The authors use temperature and precipitation data from the Climate Research Unit at the University of East Anglia to estimate weather related yield disruptions as well as deviations from a yield trend, which they then use to derive new elasticities for the worldwide crop supply. World production and storage data from the Food and Agriculture Organization suggest that the United States produces 42 percent of the world's corn. It produces roughly 23 percent of the combined worldwide caloric production of corn, wheat, rice, and soybeans. The 2009 Renewable Fuel Standard was equivalent to mandating that roughly a third of U.S. 2007 corn production, equivalent to about 5 percent of total world caloric production from the above four basic commodities, be used to produce fuel rather than food. The authors estimate that if none of the corn used for biofuel production can be recycled, the ethanol mandate will increase world food prices by about 30 percent. If one third of the caloric input is recycled as distiller's grain, all estimates scale back one third.
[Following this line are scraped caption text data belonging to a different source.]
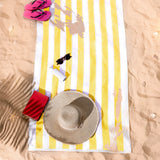 Cabana Striped Oversized Premium Cotton Beach Towel 30x60" - 32 Set Case Pack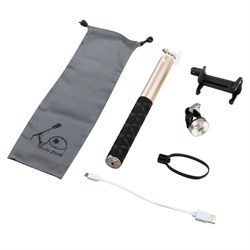 Монопод Noosy - Pro-2 Selfie Stick (цвет золото) - BR0802 - фото 22633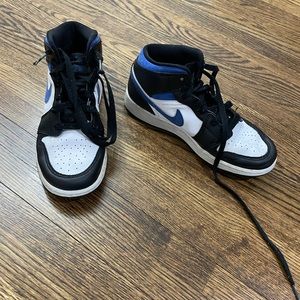 Nike Air Jordan 1 Black White Blue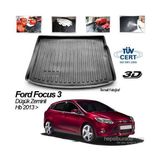 Ford Focus 3 Hb Düşük Zeminli 2013 Sonrası Bagaj Havuzu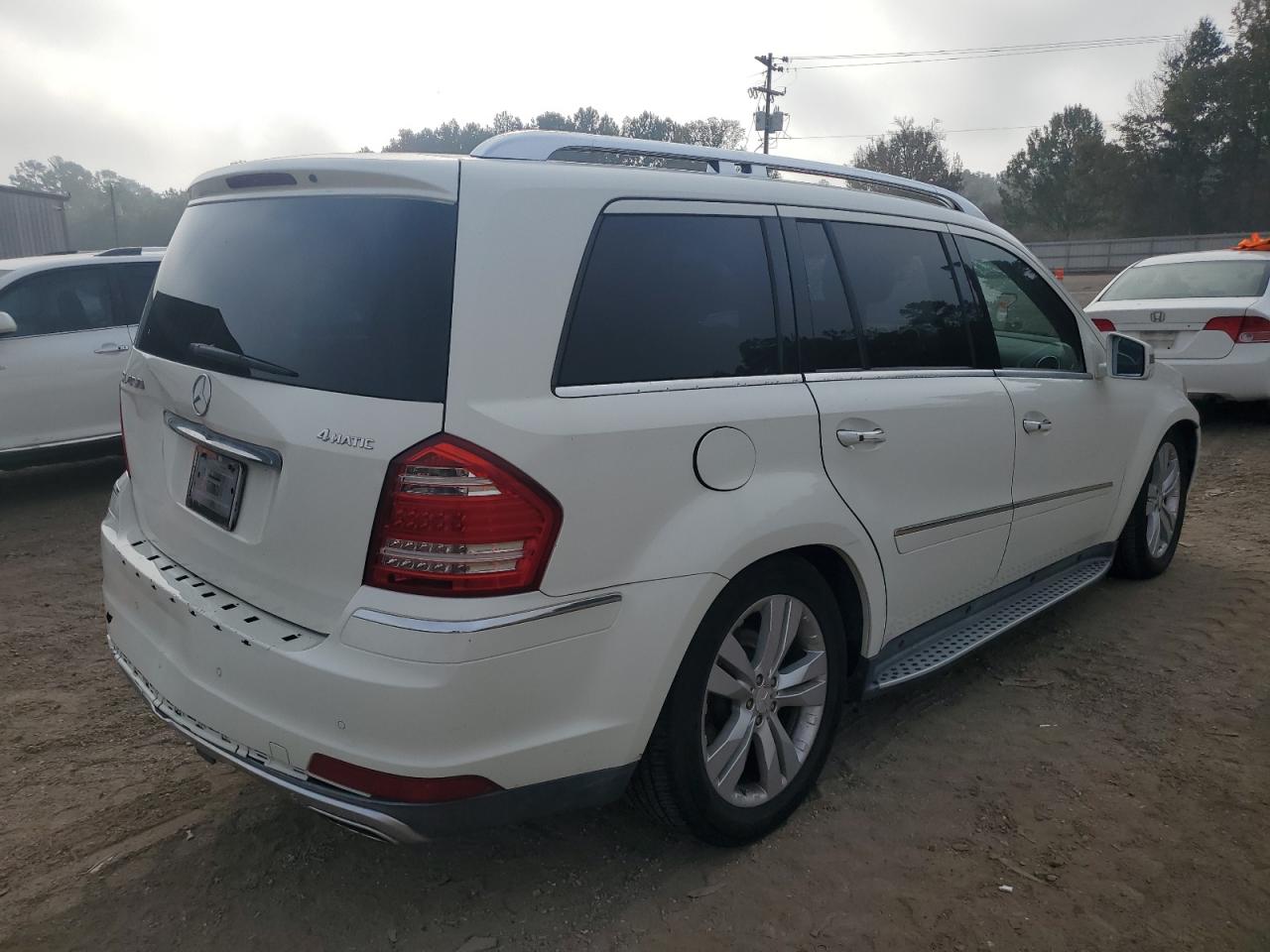 2012 Mercedes-benz Gl 450 4matic Белый vin: 4JGBF7BE0CA767267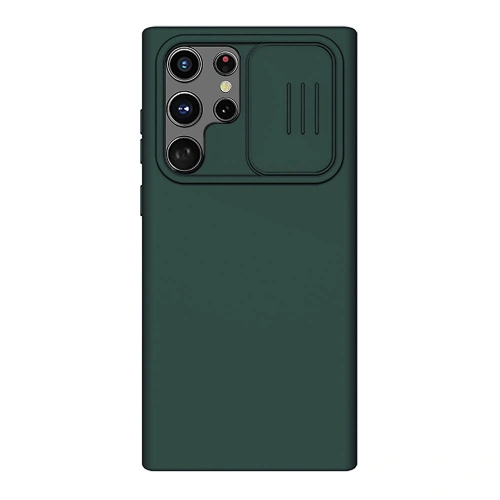 Etui Nillkin CamShield Silky Silicone Samsung Galaxy S22 Ultra zielony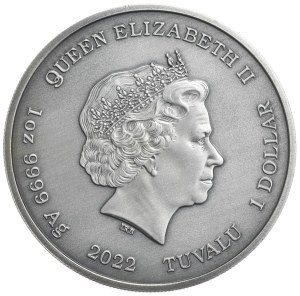 Tuvalu, $1, 2022, Hera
Farmers would respond to these higher prices by producing more though, mainly by increasing the amount of land under cultivation. Total worldwide caloric production could increase by as much as 3.5 percent. At current levels of productivity, this would require adding an additional 19 million acres to the 80 million acres currently used for corn production in the United States. If the increased output were to be drawn from less productive agricultural areas, then the increase in farmed land would be larger. For example, Brazil would require almost three times as much farmed land as the United States to produce a 3.5 percent increase in caloric production from corn.

The authors estimate that the "resulting expansion of agricultural growing area potentially offsets the CO2 emission benefits from biofuels."